- **Excerpted data**:

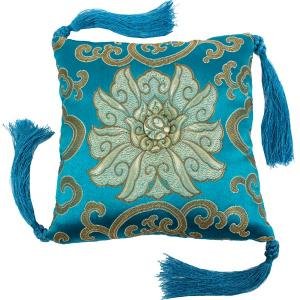 Singing and Meditation Brocade Bowl Cushion (Turquoise); 5"
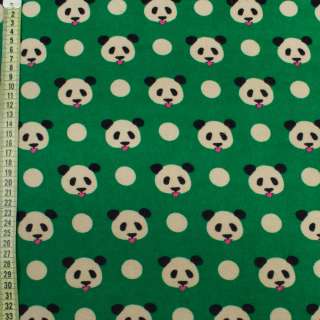 Коттон с ворсом зеленый, мишки панды, ш.145 оптом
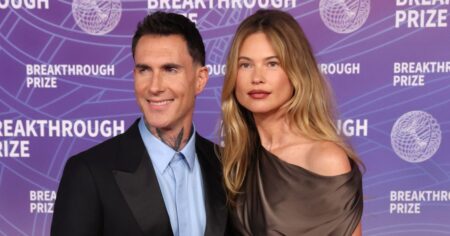 Adam Levine and Behati Prinsloo Cuddle Close at 2026 Breakthrough Prize Ceremony Red Carpet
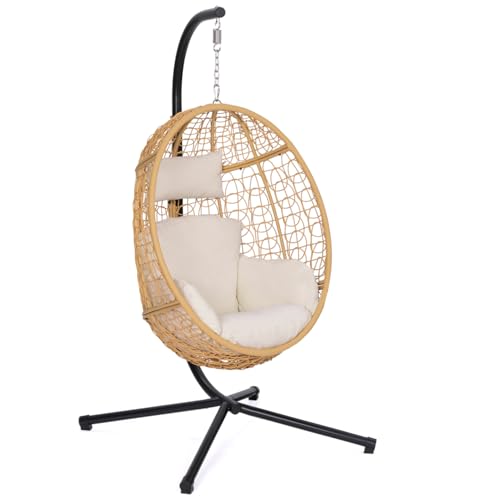 IDMarket - Fauteuil Oeuf Suspendu ajouré Effet rotin avec Coussin écru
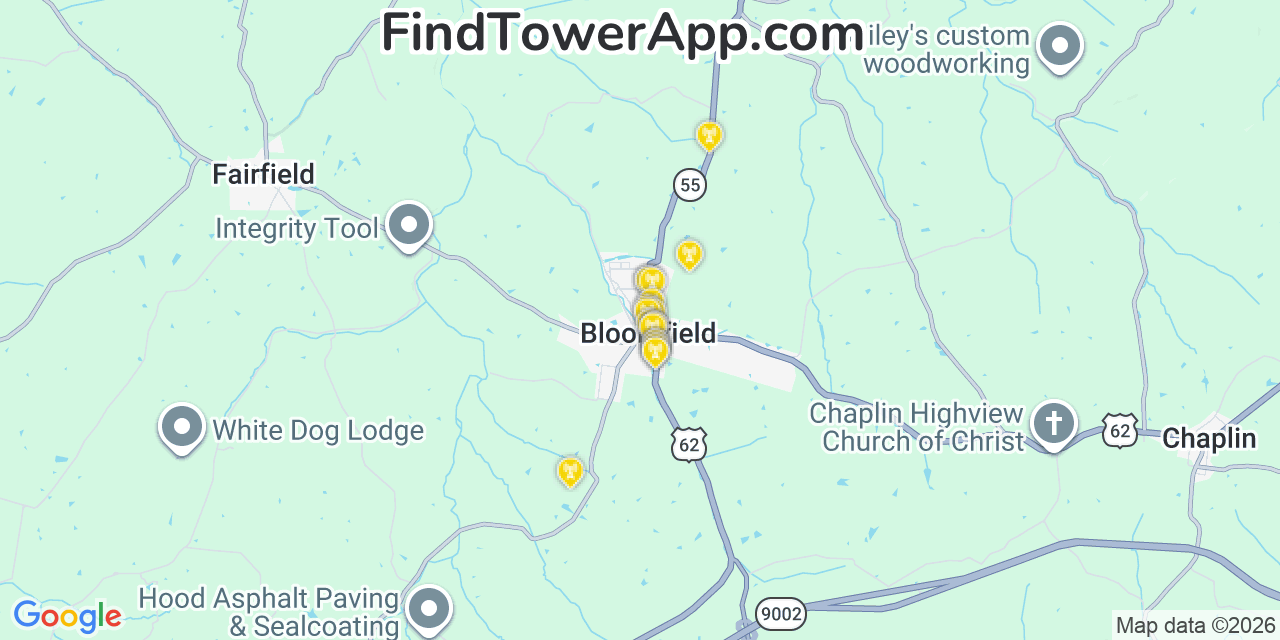 Map showing the 20 primary cell tower locations detected in Bloomfield, Kentucky from AT&T, Verizon, and T-Mobile networks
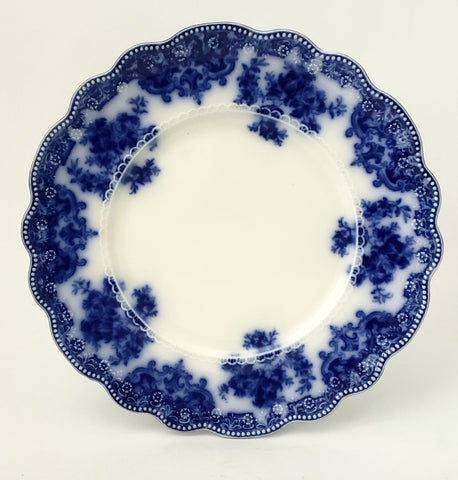 Antique English Flow Blue Dinner Plate OSBORNE Not Perfect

- **Exercise instructions**:
Both the line containing "IDMarket - Fauteuil" and the last line of the listing above belong in the copy, along with every line between them; retype them exactly and omit the pictures.

- **The completed task**:
 IDMarket - Fauteuil Oeuf Suspendu ajouré Effet rotin avec Coussin écru
 Map showing the 20 primary cell tower locations detected in Bloomfield, Kentucky from AT&T, Verizon, and T-Mobile networks
 Antique English Flow Blue Dinner Plate OSBORNE Not Perfect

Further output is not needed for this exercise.